In Who’s Lila? a woman has gone missing, and Will was the last person to see her alive. Except Will only communicates using his facial expressions, so the player must tug, stretch, and shape his face, Mario 64-style, in order to communicate what they want to say as they navigate these mysterious events.
Game Developer spoke with Garage Heathen, developer of the eerie detective game, to talk about what drew them to use facial expressions to communicate throughout the game, how they taught the game to recognize so many faces, and the challenges that came from working with this kind of narrative system.
Game Developer: Who’s Lila? sees players carrying on a conversation in a mystery game without saying a word. What interested you in this idea? What inspired it?

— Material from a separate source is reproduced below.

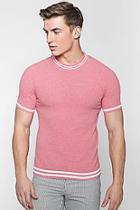 Boohoo Muscle Fit Stripe Rib Knitted T-shirt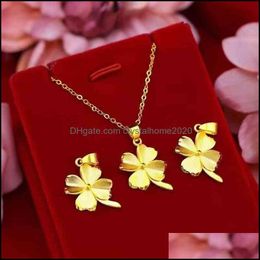 Pendant Necklaces Vietnam Sand Gold Necklace Jewelry Congo Mineral Lucky Brass -Plated Color Retaining Four Leaf Clover Drop Deliver Otl2L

Heathen: So, the face-shifting mechanic was inspired by a mixture of things. I guess the main one was L. A. Noire with its hyper-realistic yet often uncanny facial expressions. I thought it would be fun to invert that mechanic and instead of figuring out potential liars, try the role of being liar yourself.
The second one was that one YouTube series about interrogations from JCS criminal psychology. A variety of reactions and characters they interrogated inspired the many routes of the game (and, particularly, the interrogation scene).
As for carrying out conversations without saying a word, early concepts of the game included some traditional dialogue choices (so you would have been able to choose what to say). However, I decided against that since, in my view, it would have diluted the main gameplay loop too much.
Players reply to questioning and other characters through manipulating a face. How did you design this face-manipulation mechanic? What thoughts went into making it work?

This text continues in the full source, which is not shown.